Easter – Year B – John 20:19-31

Over and over it happens. The familiar ground upon which we walk erupts, and we are heaved into quavering knees lockdown. What we can depend on is that Jesus will find a way to interrupt our fear and bring us into a deeper experience of peace. Not a peace that pats us on the back and wishes us well. No, the peace Jesus brings is not for the quieting of our private storms, for calming our personal anxiety so we can get a little rest. The kind of peace he brings into that locked post-resurrection room, the disciples huddled in fear, carries both a gift and an assignment. He breathes on them the Holy Spirit, and reminds them of their calling to forgive.

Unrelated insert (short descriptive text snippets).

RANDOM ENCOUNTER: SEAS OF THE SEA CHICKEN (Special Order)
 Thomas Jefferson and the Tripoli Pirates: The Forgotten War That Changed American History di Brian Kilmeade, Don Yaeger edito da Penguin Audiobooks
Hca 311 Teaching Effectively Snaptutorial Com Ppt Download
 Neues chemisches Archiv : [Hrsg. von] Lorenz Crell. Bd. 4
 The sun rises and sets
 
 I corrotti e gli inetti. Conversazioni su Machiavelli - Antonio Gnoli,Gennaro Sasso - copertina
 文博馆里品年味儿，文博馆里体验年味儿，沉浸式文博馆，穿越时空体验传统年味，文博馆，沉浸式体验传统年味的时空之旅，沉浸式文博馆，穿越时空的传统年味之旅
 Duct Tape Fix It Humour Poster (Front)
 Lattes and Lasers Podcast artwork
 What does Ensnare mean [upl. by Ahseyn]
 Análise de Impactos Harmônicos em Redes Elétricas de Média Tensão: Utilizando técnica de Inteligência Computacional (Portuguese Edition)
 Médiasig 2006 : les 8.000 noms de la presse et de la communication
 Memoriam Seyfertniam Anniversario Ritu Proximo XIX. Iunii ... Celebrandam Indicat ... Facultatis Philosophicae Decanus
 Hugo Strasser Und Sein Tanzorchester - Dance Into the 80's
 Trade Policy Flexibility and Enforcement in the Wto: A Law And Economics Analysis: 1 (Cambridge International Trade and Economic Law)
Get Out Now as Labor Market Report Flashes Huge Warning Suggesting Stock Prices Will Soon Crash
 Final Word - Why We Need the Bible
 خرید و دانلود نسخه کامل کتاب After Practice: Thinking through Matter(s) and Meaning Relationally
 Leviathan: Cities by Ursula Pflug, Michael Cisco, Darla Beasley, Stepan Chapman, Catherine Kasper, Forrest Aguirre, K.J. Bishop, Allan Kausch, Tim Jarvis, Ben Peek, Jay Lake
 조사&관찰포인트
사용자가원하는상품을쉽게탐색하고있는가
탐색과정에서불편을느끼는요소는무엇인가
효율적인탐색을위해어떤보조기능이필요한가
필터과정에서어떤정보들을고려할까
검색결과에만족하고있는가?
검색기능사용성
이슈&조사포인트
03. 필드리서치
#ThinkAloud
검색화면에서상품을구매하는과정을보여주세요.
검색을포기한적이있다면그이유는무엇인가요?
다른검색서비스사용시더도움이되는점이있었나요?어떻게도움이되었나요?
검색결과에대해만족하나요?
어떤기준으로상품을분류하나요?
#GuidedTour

Perhaps we have experienced this ourselves, how pain and fear can either shut us down or pry us open to Spirit, how despair can be the gateway to deeper darkness or deeper journey. The unthinkable happens and we are brought low. Will we become enmeshed in our hurt, pick at it continually, nurture it as the central story of our lives—or will we turn our faces toward the breakthrough, find in it our next calling?

The nature of the journey is that we will wrestle sometimes with fear; we will lock down our minds and hearts. The state of the world, our communities, our own trials and unfulfilled dreams, will blind us to the breakthrough. We long for peace, for evidence of the resurrection, yet we are apt to miss it because it shows up as an assignment—to forgive. We struggle to find peace in our lives, in our world, because we do not understand yet that peace is the by-product of being sent as Jesus was sent. It is the fruit of humility and self-sacrifice. We can learn to believe in what we cannot see; we can practice what we have not yet learned: forgiving ourselves, forgiving one another, making real God’s life in the world.